As for the persistent stream of articles related to barter goods: After reading the various articles on barter goods, I am still confused as to why one would keep goods for barter. Supposedly you are at a rural retreat, stocked with everything you could need during your lifetime (guns, ammo, band aids, reading material, and toilet paper) and are surrounded by a horde of people who are ill-equipped to cope. But now we have interjected the need to trade, and buy things, I suppose it would be great to have a store in this situation, but what’s the point in having a store to sell stuff to the destitute. I suppose it’s keenly American to think that stuff will solve all our problems. There has been a lot of talk about goods, but what about services? Are you going to use your barter goods to buy services? If so, then what kind of services? Paying little orphan billy with food to sweep your floors, wash your car, milk the cows? What services can you offer to your neighbors?

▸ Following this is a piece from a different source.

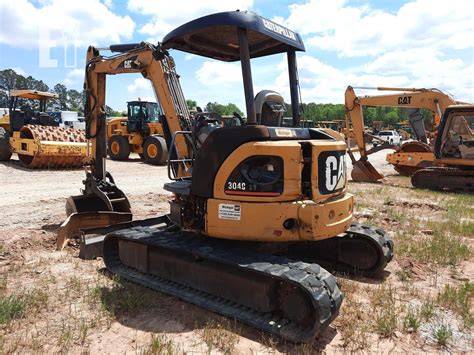 2006 CAT 304C CR | Online Auctions | EquipmentFacts.com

Being a survivor isn’t just about having stuff, it’s about having skills. Technical skills, people skills, leadership skills. Having stuff is great, I like my stuff, but in a TEOTWAWKI, situation I realize I may be left with stuff I can keep in my pocket, and perhaps not even that. The skills I have are something I can use to buy more stuff if I so choose. Don’t trade tools. Instead, have tools and the skill to use them so people will be trading you their barterables. And most importantly don’t let the stuff you own, end up owning you. Just thought I would throw in my US $.02 – AVL


There are two kinds of things to barter with; goods and services. Barter with goods is useful but of course the items you store for barter (1) take space (2) can deteriorate (3) can be stolen and (4) are not unlimited in quantity. Barter with services have none of these disadvantages. If you have tools and knowledge you can take them with you anywhere. In my mind, barter of goods would be done by people caught unprepared for a crisis. Here, take my wedding ring… can I have some food? That does not apply to readers of this blog. If you think that there are items you would want to barter for in TEOTWAWKI, then bypass the barter and just get the items ahead of time. What you may need to barter with is for services. Skills you don’t have, and likely can’t learn in short order. A midwife, a surgeon, a dentist a veterinarian, a gunsmith, et cetera. You should have items you can barter with for these services if they won’t take your services in return, and make sure that when these services are rendered, you take careful notes to learn as much as possible. Even better, ask if you, your wife or your child can apprentice with the service provider. Free labor in exchange for knowledge. In TEOTWAWKI, schools will not be available, but the apprenticeship will. In terms of services you can offer, rather than have 20 pairs of shoes, have a pair of shears and some rope and know where the local tire dump is and then you can have shoes to barter with all day long. Use your barter goods sparingly and and use your barter services whenever possible.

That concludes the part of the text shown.